In the state parliament of Berlin (Abgeordnetenhaus von Berlin), all 15 Pirate Party candidates (14 men and 1 woman) were elected directly through their mandate. Of the parties in the state parliament, the Pirates have the lowest percentage of female representatives, with only 6.6 percent.

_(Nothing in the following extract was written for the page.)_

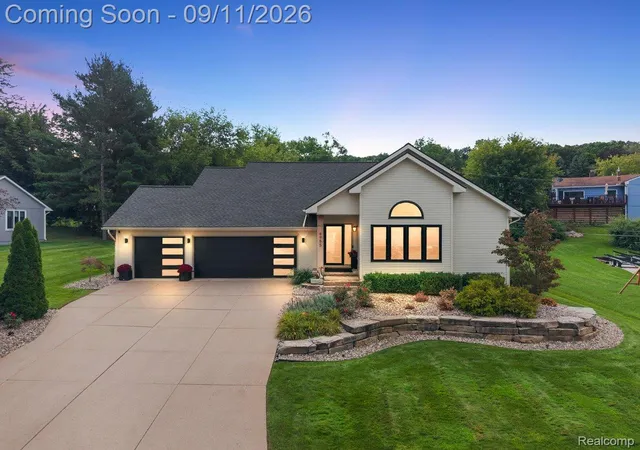 Photo 1 of Single family home for sale at 4955 Lakeview Blvd, Clarkston, MI 48348 | MLS# 20261071738 | Listing updated on 2026-09-15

Because of double candidacies, three seats in the Borough Assembly (BVV) in Friedrichshain-Kreuzberg could not be filled. Because of this, the pirates could not take city council posts for which they were eligible.

- Andreas Baum (*)
- Gerwald Claus-Brunner
- Martin Delius (*)
- Susanne Graf
- Heiko Herberg
- Oliver Höfinghoff (*)
- Simon Kowalewski
- Christopher Lauer (*)
- Philipp Magalski
- Pavel Mayer (*)
- Alexander Morlang
- Wolfram Prieß
- Fabio Reinhardt
- Alexander Spies
- Simon Weiß (*)

(*) During 2014-2015, Baum, Delius, Herberg, Höfinghoff, Lauer, Mayer und Weiß laid down their party membership, but continued to work with the remaining PPB parliamentary group.

== Representatives in Borough Assemblies ==
The Pirate Party is represented in all 12 borough assemblies in Berlin. In five assemblies, the pirates cannot fully occupy their allocated seats because they received more seats than they had candidates. The following table shows the number of seats per district and, in parentheses, the number of vacant seats:

| Charlottenburg-Wilmersdorf | Friedrichshain-Kreuzberg | Lichtenberg | Marzahn-Hellersdorf | Mitte | Neukölln | Pankow | Reinickendorf | Spandau | Zehlendorf | Schöneberg | Köpenick |
|---|---|---|---|---|---|---|---|---|---|---|---|
| 4 | 5 (+4) | 5 | 4 (+1) | 4 (+2) | 4 | 6 | 4 | 3 (+1) | 3 | 4 | 4 (+1) |

==Collapse of Vote Berlin State Elections 2016==
The Berlin state election on September witnessed the collapse of support for the Pirate party in their previous stronghold of Berlin. Their previous vote of 8.9% achieved in 2011 fell to 1.7% and the Pirate party lost all representation in the Berlin State assembly. The poor result was compounded by the murder suicide of former Pirate party assembly member Gerwald Claus-Brunner who wheeled the body of a young man whom he had murdered through the streets of Berlin in a handcart.